Pastoral care is the caring side of being at school. It means we, especially your Whanau teacher and Dean or your year 7 & 8 Teacher will get to know you. Get to know what you like and don’t like, know when things are good and not so good for you, and know what’s happening for you in class, in school and maybe even out of school. If we know this at school, we can understand you better and create a situation so you can learn to the best of your ability.
There are many ways of caring for you at Bream Bay College. Everyone is important at our school and we value each person as an individual. A way for us to make sure we have a warm and caring environment is to break our school up into smaller units. We call these smaller units houses. The houses are called Sutherland, Argyll, Ross and Inverness; they are named after the areas in Scotland the Waipu settlers came from.
In charge of each house is a House Leader who is not a Whanau teacher. The house is broken down further into six Whanau groups with an average of 20 students in each. The Whanau group is made up of a vertical slice of the school. There will be students from years seven to thirteen with their own Whanau teacher and a student leader. The idea is that a student is in the same Whanau group for the entire time at college. This means that in each house there are six Whanau teachers and one House Leader and House Dean as well as House Captains (Student Leaders) looking out for you trying to meet your needs, or get on your case.
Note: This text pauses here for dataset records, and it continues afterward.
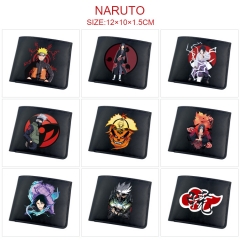 8 Styles Naruto Cosplay Decoration Cartoon Character Anime PU Wallet Purse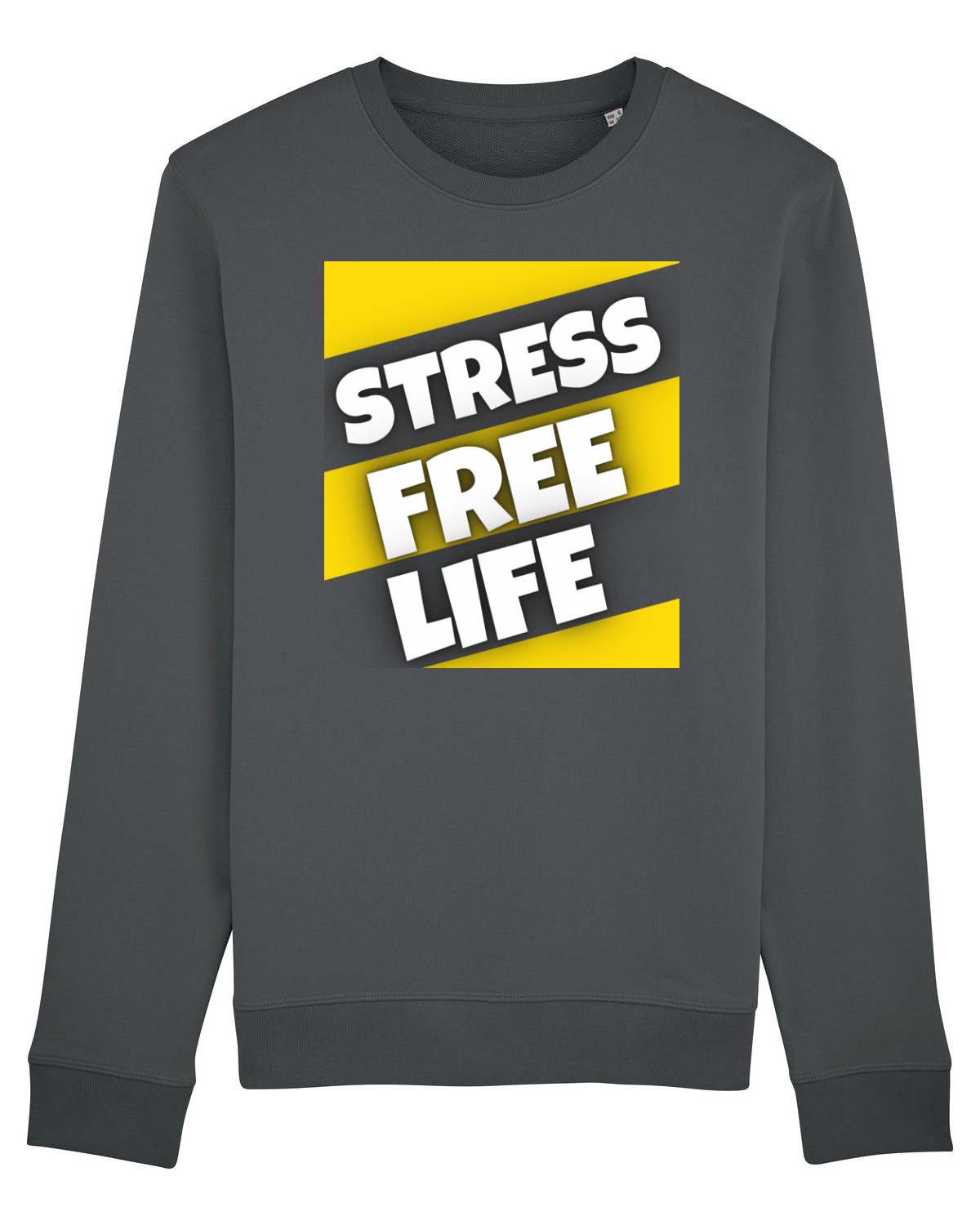 Bluză mânecă lungă Unisex Rise Anthracite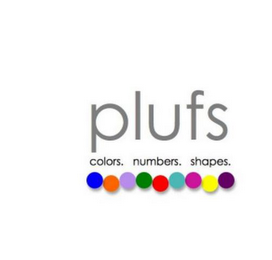 PLUFS COLORS. NUMBERS. SHAPES. logo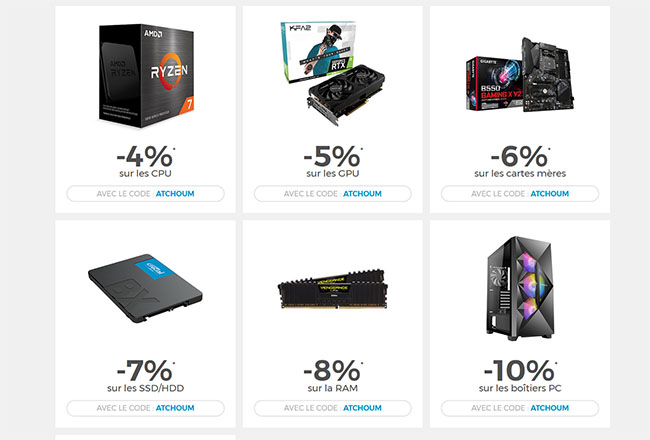  Bon Plan : les composants sont en promo chez LDLC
What does a Dean do at school?
There is a Dean attached to each House. These people do not have a Whanau and will get to know you and your family if necessary very well. The Dean will work with you at any time you or your parents need help or advice at school. They will also be the one person at school who will know all about your discipline issues at school (if you have any!). The Dean will work with you to improve your behaviour, if the need be, to make sure you get a better education at Bream Bay College.
So you see there are two lots of people responsible for pastoral care; your Whanau Teacher and your Dean.
How do these people meet my needs or get on may case?
There are really two parts to pastoral care. They are called “discipline” and “guidance and counselling”. The head of Pastoral Care at Bream Bay College is Sandra Hayward.
Guidance and Counselling is more about talking about the problem behaviour so there is a change to something that is better. All the Whanau teachers, Deans, House Leaders, Deputy Principals and even the Principal will do this. Sometimes these people will refer you to more qualified and specialist help. This is a time when you can see or will be told to see the Guidance Counsellor & Careers Adviser who will have more time available for you. She is also available for parents and whanau if they have a problem related to a student at school.
We have the expertise to help you right here at Bream Bay College.For further information on any of the above services please contact Fiona Heiwari on email@example.com or Phone ext 738.
Harassment (bullying or abuse) of any sort that you don’t like, and is offensive or hurtful is totally unacceptable at Bream Bay College. It is important that you talk to someone and seek help straight away. The Deans will deal with harassment, but you can see your Whanau teacher, the Guidance Counsellor or any of the Harassment Team Members who are named in your student diary.
This sounds very serious – but where’s the fun?
School is not really here to entertain you; our first job is to educate you. However we do agree school should be fun. A fun school is a happy school. Our fun is generated in a number of ways. There is “serious” fun like these house competitions; athletics and swimming days, house tug of war, basketball, volleyball and touch tournaments. There is a music night, stage challenge, and the school bands. There is intellectual fun like learning a musical instrument, singing or debating and cultural fun like Kapahaka. Then there are fun mufti days and school socials and school ball. Not to forget school camps and trips. Students make the fun we provide the means by which this happens.